### WHAT THIS TASK INVOLVES
All that should come back is the lines of the data below from the one containing "Pair of gilt" to the one containing "(20646期)2026小红", inclusive, exactly as they stand.

### GIVEN DATA
_ _ _

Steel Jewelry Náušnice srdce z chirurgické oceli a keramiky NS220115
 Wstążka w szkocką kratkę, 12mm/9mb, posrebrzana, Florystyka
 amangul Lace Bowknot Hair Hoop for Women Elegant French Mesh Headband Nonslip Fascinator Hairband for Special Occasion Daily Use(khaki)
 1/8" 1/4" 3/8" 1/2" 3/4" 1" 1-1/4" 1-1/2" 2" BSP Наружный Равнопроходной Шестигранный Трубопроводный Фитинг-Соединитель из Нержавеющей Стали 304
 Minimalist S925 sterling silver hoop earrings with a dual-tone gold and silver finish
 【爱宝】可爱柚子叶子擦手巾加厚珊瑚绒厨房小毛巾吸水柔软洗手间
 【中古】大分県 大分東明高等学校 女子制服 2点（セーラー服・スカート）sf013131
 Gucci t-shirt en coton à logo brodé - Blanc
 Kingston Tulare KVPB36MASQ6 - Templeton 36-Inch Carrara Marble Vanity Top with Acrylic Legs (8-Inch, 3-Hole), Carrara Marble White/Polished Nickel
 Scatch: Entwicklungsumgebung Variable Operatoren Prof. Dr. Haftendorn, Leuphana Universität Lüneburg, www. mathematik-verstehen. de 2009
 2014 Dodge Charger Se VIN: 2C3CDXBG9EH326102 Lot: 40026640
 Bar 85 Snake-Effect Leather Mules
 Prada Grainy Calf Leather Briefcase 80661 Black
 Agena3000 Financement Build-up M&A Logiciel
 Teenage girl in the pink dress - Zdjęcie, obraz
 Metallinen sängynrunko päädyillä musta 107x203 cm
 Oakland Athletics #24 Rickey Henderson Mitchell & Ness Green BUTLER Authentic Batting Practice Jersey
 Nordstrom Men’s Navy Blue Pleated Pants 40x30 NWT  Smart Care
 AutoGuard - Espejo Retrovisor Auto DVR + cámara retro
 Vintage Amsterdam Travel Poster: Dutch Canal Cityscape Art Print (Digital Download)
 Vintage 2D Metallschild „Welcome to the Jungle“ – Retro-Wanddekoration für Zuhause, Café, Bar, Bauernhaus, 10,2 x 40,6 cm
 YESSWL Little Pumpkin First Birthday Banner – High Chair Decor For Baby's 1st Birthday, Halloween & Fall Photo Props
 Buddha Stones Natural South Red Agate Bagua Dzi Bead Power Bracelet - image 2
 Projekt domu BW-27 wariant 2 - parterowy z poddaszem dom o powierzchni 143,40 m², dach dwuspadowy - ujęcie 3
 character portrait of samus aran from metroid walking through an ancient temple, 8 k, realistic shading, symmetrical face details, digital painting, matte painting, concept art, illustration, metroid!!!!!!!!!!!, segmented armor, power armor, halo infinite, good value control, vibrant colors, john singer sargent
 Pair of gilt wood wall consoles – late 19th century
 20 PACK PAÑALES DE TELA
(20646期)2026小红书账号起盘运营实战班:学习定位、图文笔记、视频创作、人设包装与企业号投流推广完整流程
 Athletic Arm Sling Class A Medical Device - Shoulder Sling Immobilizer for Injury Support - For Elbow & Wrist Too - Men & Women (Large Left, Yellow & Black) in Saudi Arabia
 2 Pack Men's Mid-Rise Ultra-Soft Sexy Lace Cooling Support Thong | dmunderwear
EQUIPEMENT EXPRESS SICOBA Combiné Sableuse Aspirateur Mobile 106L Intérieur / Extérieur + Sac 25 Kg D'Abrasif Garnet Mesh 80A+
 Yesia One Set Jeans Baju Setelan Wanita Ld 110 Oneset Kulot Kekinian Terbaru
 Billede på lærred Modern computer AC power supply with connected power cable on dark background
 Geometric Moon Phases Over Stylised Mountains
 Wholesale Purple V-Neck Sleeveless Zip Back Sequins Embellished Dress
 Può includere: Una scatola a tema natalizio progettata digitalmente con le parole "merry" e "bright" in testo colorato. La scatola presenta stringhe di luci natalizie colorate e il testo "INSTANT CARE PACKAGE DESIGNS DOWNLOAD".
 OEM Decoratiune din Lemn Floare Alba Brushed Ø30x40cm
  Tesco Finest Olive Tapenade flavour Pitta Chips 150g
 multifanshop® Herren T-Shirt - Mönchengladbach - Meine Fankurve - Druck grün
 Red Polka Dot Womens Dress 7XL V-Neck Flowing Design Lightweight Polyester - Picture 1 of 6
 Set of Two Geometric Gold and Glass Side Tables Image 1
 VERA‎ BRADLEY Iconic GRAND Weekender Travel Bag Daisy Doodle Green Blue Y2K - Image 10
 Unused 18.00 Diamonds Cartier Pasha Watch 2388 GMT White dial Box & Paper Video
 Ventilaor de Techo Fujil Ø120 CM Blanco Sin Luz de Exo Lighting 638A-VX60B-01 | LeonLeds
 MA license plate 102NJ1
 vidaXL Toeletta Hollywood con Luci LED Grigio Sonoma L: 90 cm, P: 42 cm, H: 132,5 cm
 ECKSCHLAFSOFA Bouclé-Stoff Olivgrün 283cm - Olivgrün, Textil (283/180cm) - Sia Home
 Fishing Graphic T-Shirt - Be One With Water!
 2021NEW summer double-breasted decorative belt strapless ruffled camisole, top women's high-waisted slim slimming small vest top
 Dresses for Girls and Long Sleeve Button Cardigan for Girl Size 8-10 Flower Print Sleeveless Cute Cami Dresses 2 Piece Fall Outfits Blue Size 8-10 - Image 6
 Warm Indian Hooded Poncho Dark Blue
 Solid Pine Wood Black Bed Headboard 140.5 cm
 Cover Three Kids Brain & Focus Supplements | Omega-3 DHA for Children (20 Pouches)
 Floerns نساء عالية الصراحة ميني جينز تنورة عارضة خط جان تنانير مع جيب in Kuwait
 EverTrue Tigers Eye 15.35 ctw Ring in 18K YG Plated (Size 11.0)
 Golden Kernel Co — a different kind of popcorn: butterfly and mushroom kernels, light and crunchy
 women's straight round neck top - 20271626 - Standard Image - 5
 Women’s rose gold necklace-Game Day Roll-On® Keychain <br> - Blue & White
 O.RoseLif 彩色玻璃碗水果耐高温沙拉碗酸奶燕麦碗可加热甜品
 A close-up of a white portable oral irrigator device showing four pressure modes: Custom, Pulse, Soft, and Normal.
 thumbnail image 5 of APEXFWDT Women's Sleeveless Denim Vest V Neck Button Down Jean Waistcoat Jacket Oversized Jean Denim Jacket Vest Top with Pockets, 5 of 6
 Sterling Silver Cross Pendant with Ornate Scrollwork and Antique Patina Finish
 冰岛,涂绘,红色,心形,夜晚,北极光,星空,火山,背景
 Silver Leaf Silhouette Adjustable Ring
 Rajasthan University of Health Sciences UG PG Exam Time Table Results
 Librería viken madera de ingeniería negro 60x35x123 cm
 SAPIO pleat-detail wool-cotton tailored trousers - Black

_ _ _

### ANSWER SPACE
 Pair of gilt wood wall consoles – late 19th century
 20 PACK PAÑALES DE TELA
(20646期)2026小红书账号起盘运营实战班:学习定位、图文笔记、视频创作、人设包装与企业号投流推广完整流程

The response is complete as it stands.